Parkinson’s Brain Damage Reversed in Study

It may be possible to restore brain cells damaged by Parkinson’s disease and reverse a patient’s condition, something no current treatment can do, according to British researchers who conducted potentially groundbreaking clinical trials.

They cautioned the trial was small — just 41 patients — and the research is still in its early days. But the results of the approach, which delivers special “growth factor” proteins to restore failing brain cells, are very promising.

“The spatial and relative magnitude of the improvement in the brain scans is beyond anything seen previously in trials of surgically delivered growth-factor treatments for Parkinson’s,” principal investigator Dr. Alan Whone said in a news release from Parkinson’s UK, which helped fund the study.

“This represents some of the most compelling evidence yet that we may have a means to possibly reawaken and restore the dopamine brain cells that are gradually destroyed in Parkinson’s,” he said.

“While on some measures this biological change did not correlate with improved symptoms, on other ‘secondary’ goals there was indeed a highly positive effect on patients’ lives,” noted Dr. Michael Schulder. He is vice chair of neurosurgery at North Shore University Hospital in Manhasset, N.Y.

“This trial should be the beginning and not the end of further efforts to harness the regenerative potential of [this therapeutic approach] to cure people with Parkinson’s disease,” Schulder said.

In the trial, Whone and his colleagues focused on a naturally occurring protein in the brain called Glial Cell Line Derived Neurotrophic Factor (GDNF).

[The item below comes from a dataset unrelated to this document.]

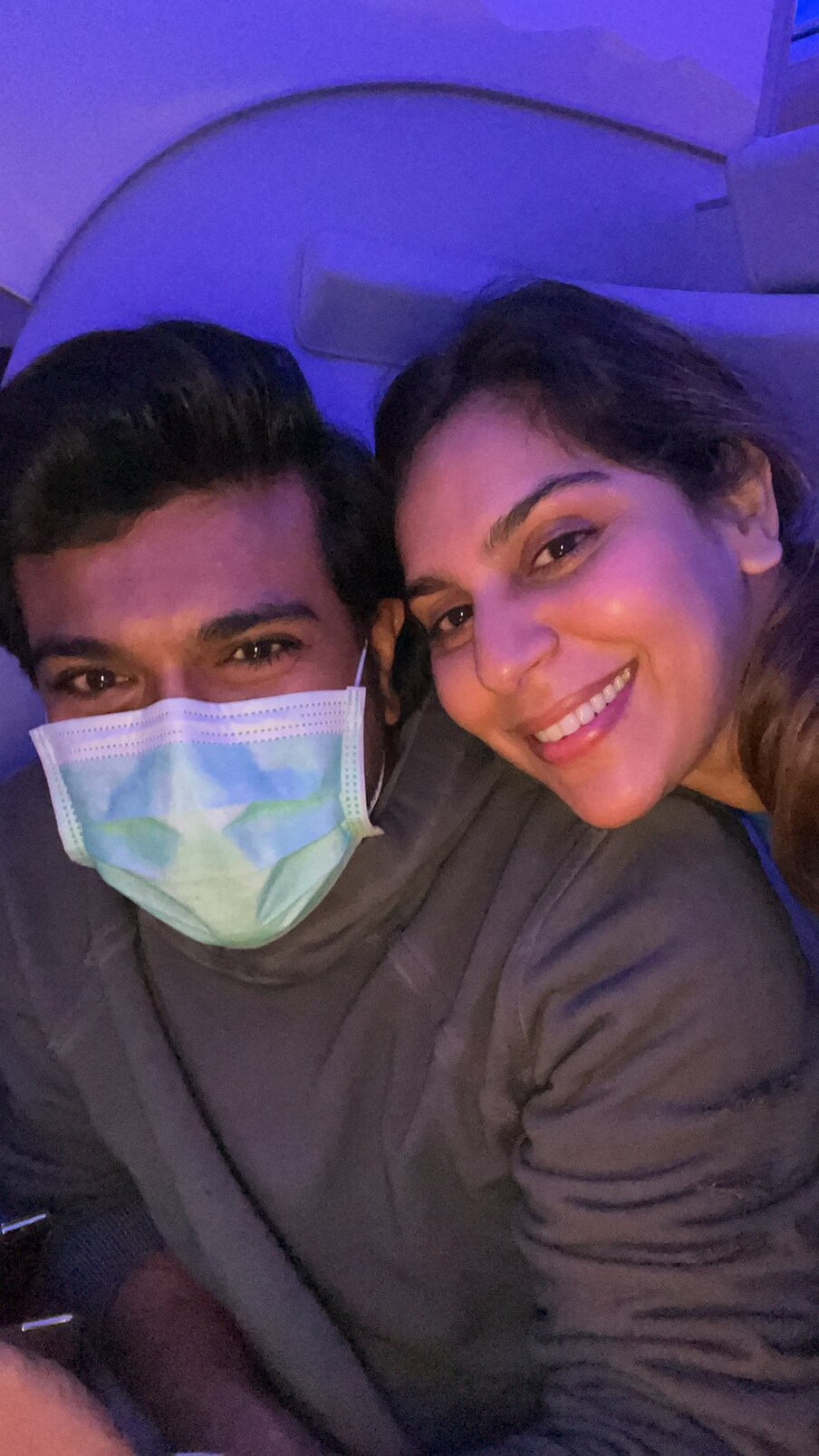  Upasana Konidela: మెగా కోడలు ఉపాసన గురించి కొత్తగా పరిచయం చేయాల్సిన పని లేదు. రామ్ చరణ్ సతీమణిగానే కాకుండా అపోలో హాస్పటిల్స్ అధినేత మనవరాలిగా.. సామాజిక కార్యక్రమాల్లో భాగస్వామ్యమవుతూ ఎంతో మందికి అండగా నిలుస్తూ మంచి గుర్తింపు తెచ్చుకున్నారు.   Photo : Instagram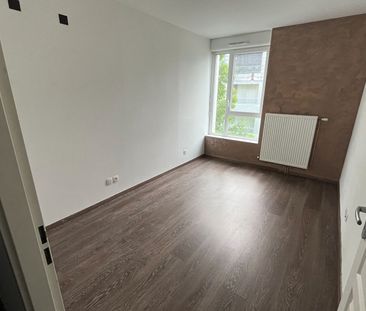 Location Appartement 3 pièces 69m² LILLE 59000 - Photo 6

It was thought that boosting GDNF in brain tissue might help regenerate dying brain cells in people with Parkinson’s — and thereby reverse the condition.

Of course, the human brain is sequestered from the rest of the body by a natural defense called the blood-brain barrier, so delivering GDNF to the brain poses a problem.

In the trial, the British team used robot-assisted surgery to place four tubes into the brains of six Parkinson’s patients so that GDNF could bypass this barrier and be infused directly to affected brain areas.